The Appeal Court has found Devon Council jointly negligent in a pothole crash injury claim following a car accident on the C-25 which left one passenger brain damaged and a second tetraplegic.

The accident, which happened in November 2006, occurred when a Land Rover driver – identified as “TR” – overtook a slow moving car travelling on the rural road between Honiton and Smeatharpe. As he was doing so, “TR”´s offside wheels dropped into an 8cm pothole alongside the edge of the road. “TR” attempted to steer his vehicle out of the defect in the road but lost control of the Land Rover and swerved across the road and crashed into trees. A Later investigation found that the Land Rover had been travelling at 45mph – well within the speed limit for the road.

“TR”´s two passengers both sustained catastrophic injuries – one suffering permanent brain damage and multiple skeletal injuries, while the second passenger was rendered tetraplegic and suffered traumatic amputation of an arm. Each passenger received compensation for their pothole crash injuries from “TR”´s insurance company, but the “TR” subsequently made a pothole crash injury claim against Devon Council – claiming that he would not have had the accident were it not for the poor condition of the road.

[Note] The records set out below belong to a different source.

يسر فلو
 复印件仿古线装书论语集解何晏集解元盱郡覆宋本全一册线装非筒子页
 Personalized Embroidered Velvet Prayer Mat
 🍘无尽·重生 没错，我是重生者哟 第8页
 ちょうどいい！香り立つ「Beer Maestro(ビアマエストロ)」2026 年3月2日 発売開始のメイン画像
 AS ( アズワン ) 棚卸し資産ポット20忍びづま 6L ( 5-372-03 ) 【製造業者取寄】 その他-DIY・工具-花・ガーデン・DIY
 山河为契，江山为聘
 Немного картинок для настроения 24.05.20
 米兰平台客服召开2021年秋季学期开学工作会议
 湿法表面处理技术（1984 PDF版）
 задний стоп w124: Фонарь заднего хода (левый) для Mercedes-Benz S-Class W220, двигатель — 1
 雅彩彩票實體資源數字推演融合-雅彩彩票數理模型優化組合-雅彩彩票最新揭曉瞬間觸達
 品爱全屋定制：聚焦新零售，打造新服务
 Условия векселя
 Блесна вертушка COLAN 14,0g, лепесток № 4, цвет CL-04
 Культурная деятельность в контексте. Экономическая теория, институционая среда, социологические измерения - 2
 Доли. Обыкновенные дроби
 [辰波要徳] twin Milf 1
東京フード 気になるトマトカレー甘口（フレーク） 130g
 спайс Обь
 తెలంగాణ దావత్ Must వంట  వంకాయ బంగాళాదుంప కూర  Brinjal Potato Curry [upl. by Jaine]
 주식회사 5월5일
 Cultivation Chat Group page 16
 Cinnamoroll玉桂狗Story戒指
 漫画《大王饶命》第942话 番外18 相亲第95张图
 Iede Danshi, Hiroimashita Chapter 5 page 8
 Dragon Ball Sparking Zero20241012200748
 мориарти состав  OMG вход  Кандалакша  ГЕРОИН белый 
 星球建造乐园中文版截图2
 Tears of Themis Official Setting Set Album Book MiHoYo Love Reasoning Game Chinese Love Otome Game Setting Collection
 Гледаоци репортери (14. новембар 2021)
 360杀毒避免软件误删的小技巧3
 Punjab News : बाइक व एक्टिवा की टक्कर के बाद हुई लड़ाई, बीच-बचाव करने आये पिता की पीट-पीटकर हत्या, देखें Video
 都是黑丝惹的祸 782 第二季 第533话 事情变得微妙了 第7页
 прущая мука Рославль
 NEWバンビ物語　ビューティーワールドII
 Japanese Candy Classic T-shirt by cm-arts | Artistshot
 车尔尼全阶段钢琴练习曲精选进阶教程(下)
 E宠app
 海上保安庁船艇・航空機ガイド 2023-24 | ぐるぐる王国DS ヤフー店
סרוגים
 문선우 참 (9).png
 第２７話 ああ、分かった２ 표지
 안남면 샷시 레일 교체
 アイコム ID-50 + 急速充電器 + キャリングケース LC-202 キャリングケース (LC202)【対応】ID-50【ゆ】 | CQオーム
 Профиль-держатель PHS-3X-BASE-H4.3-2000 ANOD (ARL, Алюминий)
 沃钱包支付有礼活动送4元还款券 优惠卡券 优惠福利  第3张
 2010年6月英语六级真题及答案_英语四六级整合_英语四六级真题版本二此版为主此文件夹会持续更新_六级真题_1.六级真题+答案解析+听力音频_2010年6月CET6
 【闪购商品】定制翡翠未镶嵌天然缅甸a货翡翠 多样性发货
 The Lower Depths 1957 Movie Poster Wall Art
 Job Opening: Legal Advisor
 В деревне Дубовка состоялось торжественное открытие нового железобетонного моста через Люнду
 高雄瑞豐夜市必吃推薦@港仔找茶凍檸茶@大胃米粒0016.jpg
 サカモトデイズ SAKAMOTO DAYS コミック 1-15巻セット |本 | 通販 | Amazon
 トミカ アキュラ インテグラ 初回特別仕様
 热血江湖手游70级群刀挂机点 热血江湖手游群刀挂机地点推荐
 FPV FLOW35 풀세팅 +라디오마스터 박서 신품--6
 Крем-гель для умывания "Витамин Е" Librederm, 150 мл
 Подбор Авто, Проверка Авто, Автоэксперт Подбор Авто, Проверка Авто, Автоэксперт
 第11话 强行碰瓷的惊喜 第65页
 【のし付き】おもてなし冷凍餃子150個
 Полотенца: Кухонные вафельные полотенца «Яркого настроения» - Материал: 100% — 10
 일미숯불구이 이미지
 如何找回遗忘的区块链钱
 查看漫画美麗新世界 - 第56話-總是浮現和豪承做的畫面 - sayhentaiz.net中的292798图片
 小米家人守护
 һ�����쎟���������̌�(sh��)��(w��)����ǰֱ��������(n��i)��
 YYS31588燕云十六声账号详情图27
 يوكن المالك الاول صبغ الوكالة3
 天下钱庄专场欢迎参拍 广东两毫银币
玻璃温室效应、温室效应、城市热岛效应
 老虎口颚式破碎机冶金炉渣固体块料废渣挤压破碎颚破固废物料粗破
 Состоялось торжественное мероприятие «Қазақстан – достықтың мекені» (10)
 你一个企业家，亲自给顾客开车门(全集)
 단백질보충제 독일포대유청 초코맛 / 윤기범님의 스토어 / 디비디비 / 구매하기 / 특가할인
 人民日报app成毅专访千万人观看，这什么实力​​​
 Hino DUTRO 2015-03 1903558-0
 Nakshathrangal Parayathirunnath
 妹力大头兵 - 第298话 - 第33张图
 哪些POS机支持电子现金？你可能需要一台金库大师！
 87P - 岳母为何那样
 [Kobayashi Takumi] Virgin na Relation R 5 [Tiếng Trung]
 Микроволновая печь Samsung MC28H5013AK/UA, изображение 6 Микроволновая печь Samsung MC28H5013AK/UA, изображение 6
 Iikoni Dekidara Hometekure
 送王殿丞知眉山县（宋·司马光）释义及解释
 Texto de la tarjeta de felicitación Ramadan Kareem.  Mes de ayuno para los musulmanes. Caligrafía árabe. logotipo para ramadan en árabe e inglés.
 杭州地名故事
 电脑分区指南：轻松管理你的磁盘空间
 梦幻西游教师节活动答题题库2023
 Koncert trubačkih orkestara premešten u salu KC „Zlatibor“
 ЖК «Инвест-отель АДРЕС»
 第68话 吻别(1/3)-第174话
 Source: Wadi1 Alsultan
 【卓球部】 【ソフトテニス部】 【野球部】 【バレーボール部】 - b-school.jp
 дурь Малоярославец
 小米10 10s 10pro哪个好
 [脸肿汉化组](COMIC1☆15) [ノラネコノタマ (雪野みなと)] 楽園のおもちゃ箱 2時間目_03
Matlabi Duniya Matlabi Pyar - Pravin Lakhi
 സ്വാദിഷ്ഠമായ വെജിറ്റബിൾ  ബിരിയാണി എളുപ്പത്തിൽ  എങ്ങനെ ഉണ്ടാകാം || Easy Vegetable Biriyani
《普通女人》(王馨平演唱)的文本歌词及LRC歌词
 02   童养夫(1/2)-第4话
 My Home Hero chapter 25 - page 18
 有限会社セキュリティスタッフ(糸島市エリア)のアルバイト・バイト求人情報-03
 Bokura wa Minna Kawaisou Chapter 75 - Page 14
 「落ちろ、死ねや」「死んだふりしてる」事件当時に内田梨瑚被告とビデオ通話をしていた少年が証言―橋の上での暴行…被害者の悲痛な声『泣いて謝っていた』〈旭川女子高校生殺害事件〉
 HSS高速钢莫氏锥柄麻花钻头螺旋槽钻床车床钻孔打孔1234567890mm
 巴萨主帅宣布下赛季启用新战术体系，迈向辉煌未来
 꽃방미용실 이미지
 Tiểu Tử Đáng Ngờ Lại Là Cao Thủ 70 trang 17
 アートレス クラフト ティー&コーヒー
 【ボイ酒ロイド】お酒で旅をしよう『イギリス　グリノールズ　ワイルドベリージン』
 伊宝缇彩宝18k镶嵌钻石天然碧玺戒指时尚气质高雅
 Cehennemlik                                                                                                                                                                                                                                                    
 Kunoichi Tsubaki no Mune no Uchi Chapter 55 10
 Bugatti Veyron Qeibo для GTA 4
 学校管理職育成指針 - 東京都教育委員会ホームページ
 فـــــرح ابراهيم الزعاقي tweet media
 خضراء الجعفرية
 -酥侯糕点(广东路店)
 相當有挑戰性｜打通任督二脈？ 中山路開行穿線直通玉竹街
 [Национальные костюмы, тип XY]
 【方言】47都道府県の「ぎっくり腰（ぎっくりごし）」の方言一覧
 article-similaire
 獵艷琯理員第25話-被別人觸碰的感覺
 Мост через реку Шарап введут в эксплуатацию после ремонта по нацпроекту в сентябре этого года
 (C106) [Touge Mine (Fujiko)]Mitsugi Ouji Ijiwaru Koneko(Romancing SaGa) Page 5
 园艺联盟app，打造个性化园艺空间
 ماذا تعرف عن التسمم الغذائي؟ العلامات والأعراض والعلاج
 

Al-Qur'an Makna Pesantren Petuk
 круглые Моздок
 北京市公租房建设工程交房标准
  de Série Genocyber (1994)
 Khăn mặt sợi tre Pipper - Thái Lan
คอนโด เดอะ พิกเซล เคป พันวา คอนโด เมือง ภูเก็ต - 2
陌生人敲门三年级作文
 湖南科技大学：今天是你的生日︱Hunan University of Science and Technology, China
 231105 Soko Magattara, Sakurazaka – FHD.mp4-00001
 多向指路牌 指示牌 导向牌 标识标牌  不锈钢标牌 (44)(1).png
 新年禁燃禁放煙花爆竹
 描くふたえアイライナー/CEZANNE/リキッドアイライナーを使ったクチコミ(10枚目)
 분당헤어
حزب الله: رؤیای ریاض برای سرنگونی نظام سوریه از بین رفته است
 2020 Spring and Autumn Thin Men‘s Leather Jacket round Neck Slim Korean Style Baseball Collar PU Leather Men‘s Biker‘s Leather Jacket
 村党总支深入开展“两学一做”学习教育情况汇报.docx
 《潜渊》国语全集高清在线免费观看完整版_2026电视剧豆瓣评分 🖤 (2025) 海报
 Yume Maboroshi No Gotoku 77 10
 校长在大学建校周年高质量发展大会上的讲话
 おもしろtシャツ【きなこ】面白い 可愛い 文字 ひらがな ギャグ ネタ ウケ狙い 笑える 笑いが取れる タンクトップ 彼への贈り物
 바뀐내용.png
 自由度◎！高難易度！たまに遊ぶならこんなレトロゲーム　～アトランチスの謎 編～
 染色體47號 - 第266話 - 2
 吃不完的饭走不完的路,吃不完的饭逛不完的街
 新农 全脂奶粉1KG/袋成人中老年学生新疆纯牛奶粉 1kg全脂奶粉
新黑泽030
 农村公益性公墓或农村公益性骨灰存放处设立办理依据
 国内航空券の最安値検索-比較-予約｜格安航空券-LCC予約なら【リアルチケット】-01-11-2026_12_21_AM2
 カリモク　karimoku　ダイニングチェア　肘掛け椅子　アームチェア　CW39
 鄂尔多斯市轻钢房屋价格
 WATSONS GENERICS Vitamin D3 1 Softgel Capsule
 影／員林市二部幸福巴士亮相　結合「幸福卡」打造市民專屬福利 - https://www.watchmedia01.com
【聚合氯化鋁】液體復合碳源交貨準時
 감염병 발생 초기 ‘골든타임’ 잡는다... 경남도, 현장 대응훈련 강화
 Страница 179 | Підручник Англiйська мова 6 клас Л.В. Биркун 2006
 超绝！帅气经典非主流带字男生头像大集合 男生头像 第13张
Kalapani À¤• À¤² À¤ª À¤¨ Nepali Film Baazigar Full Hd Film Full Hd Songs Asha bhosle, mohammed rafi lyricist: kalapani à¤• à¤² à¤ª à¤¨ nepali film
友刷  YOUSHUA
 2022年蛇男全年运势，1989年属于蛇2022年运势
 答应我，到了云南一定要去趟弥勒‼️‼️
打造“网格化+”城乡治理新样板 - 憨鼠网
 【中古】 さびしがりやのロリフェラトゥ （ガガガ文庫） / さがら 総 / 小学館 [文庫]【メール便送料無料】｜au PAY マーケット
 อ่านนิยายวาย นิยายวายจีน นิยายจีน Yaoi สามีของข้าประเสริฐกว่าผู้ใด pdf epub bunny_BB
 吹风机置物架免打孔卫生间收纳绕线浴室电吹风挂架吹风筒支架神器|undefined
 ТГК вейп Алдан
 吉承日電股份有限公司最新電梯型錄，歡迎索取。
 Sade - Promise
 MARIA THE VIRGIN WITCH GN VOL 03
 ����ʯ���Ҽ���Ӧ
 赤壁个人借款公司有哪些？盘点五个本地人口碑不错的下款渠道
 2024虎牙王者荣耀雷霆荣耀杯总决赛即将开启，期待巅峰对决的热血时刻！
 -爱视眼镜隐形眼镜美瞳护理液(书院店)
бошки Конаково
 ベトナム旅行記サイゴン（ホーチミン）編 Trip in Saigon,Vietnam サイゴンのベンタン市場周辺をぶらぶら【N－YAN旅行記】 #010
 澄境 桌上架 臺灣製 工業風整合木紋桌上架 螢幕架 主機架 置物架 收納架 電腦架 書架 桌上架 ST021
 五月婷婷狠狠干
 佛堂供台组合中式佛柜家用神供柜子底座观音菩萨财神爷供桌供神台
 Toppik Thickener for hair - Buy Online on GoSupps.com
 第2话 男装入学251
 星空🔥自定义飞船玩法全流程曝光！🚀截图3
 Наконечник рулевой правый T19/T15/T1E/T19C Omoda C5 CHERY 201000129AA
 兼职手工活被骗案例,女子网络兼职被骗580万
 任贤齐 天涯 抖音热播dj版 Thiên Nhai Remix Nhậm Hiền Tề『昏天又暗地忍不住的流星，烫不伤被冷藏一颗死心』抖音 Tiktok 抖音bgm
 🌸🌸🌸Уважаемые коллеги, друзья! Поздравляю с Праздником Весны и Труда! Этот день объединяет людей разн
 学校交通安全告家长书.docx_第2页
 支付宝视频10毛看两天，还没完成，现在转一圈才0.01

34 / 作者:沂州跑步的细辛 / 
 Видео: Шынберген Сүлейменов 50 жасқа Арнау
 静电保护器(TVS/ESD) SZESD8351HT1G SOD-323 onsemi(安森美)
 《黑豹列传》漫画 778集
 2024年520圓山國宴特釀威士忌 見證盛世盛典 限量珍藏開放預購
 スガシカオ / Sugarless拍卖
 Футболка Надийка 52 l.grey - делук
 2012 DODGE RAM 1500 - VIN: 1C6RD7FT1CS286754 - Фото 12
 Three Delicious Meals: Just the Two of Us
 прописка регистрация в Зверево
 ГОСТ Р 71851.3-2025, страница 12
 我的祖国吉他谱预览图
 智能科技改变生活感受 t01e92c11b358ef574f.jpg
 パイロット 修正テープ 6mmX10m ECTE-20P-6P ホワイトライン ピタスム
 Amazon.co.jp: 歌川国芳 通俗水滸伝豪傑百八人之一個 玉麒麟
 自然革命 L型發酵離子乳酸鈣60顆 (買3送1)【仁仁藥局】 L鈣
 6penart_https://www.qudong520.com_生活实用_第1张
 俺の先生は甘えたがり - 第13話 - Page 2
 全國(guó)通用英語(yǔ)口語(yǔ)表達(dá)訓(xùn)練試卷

At the High Court in April 2012, Mrs Justice Slade found that Devon Council was 100 percent liable for the accident on the grounds that the safety inspection regime on the stretch of road had been inadequate and its state of repair was “well below a standard a reasonable driver could expect”.

The judge heard evidence that the road was only inspected twice a year contrary to the Code of Practice for Highway Maintenance Management (2005) to adequately inspect and maintain the winding and hilly road. The judge was also told that no risk assessment had been carried out prior to the six-monthly inspection program being adopted despite the council being aware that the road was used by agricultural vehicles and heavy goods lorries.

However, at the Appeal Court in London, Lord Justice Hughes – sitting with Lord Justice Lloyd and Sir Stanley Burnton – found that, although he could find no flaw in Mrs Justice Slade´s interpretation of the law, “TR” bore half the blame for the tragedy and 50 percent liability in the pothole crash injury claim. Lord Hughes said that the pothole in the road was “there to be seen” and there had been plenty of room to manoeuvre. He ruled that “TR”´s inadvertent error in not seeing and avoiding the 8cm pothole contributed to the accident.

He concluded: “Although the error may have been one which many might make, it amounted to a significant failure to keep a proper lookout and to manage the car correctly; it had terrible consequences. In my view, the only proper finding was that there was contributory negligence to the extent of 50 percent”.

Footnote: The two passengers have already settled their claims for pothole crash injury compensation. The passenger with the brain injury received a lump sum of £1.2 million, while the second victim was awarded a lump sum of compensation for pothole crash injuries amounting to £3 million plus annual payments of £275,000. The High Court case in April 2012 and Appeal Court case above were heard to determine liability in the pothole crash injury claim.